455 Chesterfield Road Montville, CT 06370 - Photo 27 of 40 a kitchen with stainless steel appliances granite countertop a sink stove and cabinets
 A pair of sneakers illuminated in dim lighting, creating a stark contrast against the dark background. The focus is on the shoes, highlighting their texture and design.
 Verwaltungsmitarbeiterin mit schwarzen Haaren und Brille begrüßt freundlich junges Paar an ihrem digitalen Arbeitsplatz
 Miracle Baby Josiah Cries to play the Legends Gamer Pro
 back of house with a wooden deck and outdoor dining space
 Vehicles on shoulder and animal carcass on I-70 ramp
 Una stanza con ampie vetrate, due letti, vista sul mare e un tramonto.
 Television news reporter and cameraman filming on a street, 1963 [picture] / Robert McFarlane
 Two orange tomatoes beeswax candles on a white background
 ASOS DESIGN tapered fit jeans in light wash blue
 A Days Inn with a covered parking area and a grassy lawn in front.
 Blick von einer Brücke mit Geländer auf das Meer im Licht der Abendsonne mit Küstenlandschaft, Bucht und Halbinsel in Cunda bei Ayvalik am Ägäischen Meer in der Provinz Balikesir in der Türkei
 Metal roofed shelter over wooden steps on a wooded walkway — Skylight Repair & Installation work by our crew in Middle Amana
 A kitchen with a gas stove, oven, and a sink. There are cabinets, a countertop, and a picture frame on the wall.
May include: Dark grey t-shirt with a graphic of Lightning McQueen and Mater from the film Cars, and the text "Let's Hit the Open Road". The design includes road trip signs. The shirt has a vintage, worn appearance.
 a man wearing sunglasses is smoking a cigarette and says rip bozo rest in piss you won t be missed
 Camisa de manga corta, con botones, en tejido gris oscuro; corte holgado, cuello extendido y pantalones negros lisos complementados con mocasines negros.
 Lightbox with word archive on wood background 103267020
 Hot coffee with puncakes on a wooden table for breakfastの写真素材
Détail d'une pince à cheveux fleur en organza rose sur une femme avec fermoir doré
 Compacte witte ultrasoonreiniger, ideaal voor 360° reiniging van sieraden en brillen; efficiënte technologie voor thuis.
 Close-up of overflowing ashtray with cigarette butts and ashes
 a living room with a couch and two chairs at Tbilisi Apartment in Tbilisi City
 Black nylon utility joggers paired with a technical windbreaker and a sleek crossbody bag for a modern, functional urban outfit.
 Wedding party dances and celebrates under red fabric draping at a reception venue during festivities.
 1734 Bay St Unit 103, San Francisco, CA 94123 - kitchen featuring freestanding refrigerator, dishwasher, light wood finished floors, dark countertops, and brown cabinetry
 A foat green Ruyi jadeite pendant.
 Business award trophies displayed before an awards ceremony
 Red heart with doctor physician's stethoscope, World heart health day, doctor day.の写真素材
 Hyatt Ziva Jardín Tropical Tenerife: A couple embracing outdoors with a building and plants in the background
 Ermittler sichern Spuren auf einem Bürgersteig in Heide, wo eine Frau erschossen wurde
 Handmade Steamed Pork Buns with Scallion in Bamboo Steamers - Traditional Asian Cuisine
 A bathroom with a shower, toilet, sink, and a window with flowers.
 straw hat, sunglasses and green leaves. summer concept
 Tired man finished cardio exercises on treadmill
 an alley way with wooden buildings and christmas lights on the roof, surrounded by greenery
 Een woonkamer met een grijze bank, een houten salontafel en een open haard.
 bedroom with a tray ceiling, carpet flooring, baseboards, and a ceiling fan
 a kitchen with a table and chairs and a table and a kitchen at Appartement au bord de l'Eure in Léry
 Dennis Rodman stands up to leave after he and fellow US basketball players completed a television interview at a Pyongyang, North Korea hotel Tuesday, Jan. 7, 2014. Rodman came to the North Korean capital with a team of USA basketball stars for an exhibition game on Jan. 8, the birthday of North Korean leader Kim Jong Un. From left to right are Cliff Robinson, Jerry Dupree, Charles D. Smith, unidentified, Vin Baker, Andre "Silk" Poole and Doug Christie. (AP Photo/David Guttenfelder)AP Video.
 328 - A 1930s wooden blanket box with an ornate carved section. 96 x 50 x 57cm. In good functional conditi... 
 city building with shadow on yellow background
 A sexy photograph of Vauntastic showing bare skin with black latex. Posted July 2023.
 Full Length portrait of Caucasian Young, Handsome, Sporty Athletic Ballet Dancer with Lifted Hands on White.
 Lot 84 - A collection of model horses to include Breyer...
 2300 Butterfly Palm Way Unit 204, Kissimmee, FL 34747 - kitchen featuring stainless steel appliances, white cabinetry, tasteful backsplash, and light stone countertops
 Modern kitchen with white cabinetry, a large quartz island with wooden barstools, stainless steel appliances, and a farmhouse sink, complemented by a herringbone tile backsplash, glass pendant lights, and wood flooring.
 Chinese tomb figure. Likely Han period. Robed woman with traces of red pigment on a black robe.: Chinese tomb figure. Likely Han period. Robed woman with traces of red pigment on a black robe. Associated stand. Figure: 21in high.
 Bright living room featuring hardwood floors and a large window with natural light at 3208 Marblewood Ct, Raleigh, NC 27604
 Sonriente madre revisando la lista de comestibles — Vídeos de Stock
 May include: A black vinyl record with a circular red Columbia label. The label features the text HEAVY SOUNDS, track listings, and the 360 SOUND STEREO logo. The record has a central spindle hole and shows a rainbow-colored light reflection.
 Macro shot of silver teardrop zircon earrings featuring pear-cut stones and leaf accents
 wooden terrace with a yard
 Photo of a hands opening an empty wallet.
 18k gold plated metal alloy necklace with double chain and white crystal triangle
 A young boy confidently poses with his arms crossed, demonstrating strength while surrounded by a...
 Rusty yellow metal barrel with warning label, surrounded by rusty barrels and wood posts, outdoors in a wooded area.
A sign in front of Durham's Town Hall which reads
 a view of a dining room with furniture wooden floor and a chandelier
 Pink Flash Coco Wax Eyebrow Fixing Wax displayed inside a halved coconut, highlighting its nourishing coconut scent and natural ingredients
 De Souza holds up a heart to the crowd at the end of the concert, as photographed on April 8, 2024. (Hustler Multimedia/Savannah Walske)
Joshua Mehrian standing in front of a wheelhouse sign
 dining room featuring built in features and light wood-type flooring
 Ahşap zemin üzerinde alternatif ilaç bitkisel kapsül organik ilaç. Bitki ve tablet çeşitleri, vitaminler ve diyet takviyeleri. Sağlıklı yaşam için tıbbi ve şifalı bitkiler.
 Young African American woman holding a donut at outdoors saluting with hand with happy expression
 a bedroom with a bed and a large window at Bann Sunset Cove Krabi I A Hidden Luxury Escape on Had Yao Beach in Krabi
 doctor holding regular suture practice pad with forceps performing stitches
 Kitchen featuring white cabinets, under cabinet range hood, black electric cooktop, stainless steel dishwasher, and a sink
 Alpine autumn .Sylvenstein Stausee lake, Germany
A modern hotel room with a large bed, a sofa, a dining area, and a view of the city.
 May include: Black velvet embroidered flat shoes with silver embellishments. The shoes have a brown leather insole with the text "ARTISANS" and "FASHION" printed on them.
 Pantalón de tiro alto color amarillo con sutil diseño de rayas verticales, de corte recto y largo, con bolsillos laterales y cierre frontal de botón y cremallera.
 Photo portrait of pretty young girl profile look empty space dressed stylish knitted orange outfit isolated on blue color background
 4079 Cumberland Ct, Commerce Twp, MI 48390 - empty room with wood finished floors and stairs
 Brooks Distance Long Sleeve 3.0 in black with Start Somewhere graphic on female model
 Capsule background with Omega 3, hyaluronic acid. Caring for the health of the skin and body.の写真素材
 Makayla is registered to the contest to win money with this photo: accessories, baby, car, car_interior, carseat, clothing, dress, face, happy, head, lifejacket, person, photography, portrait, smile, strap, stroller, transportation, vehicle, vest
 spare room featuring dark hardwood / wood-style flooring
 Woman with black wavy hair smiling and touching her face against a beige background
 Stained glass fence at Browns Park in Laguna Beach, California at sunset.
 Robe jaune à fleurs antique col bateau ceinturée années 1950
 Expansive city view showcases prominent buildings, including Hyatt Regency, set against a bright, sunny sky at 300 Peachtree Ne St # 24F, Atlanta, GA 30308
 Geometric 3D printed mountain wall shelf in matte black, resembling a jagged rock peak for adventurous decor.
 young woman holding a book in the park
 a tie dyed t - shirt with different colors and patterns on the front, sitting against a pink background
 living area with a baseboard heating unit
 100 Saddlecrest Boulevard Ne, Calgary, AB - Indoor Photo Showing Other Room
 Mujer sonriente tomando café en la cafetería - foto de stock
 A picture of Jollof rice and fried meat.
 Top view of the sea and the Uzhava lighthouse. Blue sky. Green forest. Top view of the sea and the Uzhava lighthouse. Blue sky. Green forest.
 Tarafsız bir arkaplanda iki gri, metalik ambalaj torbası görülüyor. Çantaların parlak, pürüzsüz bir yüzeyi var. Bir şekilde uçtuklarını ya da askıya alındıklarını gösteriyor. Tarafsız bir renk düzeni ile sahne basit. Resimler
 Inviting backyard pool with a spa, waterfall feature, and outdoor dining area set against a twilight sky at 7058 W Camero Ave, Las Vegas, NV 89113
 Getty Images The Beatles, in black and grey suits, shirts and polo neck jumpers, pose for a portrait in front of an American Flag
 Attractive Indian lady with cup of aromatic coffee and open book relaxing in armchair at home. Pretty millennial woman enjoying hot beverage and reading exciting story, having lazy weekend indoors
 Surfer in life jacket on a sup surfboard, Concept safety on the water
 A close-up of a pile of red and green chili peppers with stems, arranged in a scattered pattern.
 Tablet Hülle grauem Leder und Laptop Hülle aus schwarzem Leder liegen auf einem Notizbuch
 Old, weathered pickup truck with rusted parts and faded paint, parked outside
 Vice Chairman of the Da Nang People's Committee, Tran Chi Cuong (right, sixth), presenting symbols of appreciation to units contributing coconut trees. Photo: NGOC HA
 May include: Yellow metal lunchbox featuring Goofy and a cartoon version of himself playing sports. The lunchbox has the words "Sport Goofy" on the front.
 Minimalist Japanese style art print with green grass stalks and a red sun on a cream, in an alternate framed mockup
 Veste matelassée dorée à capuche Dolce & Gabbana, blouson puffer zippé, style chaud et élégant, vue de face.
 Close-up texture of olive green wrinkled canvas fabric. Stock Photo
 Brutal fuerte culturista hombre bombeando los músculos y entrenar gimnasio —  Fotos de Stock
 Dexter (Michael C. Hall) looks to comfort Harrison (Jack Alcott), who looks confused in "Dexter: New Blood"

------

• **PROBLEM DESCRIPTION**
Set down, from the entries above, exactly the lines from the one with "Détail d'une pince" up to and including the one with "Business award trophies", and no other lines.

• **TASK RESPONSE**
Détail d'une pince à cheveux fleur en organza rose sur une femme avec fermoir doré
 Compacte witte ultrasoonreiniger, ideaal voor 360° reiniging van sieraden en brillen; efficiënte technologie voor thuis.
 Close-up of overflowing ashtray with cigarette butts and ashes
 a living room with a couch and two chairs at Tbilisi Apartment in Tbilisi City
 Black nylon utility joggers paired with a technical windbreaker and a sleek crossbody bag for a modern, functional urban outfit.
 Wedding party dances and celebrates under red fabric draping at a reception venue during festivities.
 1734 Bay St Unit 103, San Francisco, CA 94123 - kitchen featuring freestanding refrigerator, dishwasher, light wood finished floors, dark countertops, and brown cabinetry
 A foat green Ruyi jadeite pendant.
 Business award trophies displayed before an awards ceremony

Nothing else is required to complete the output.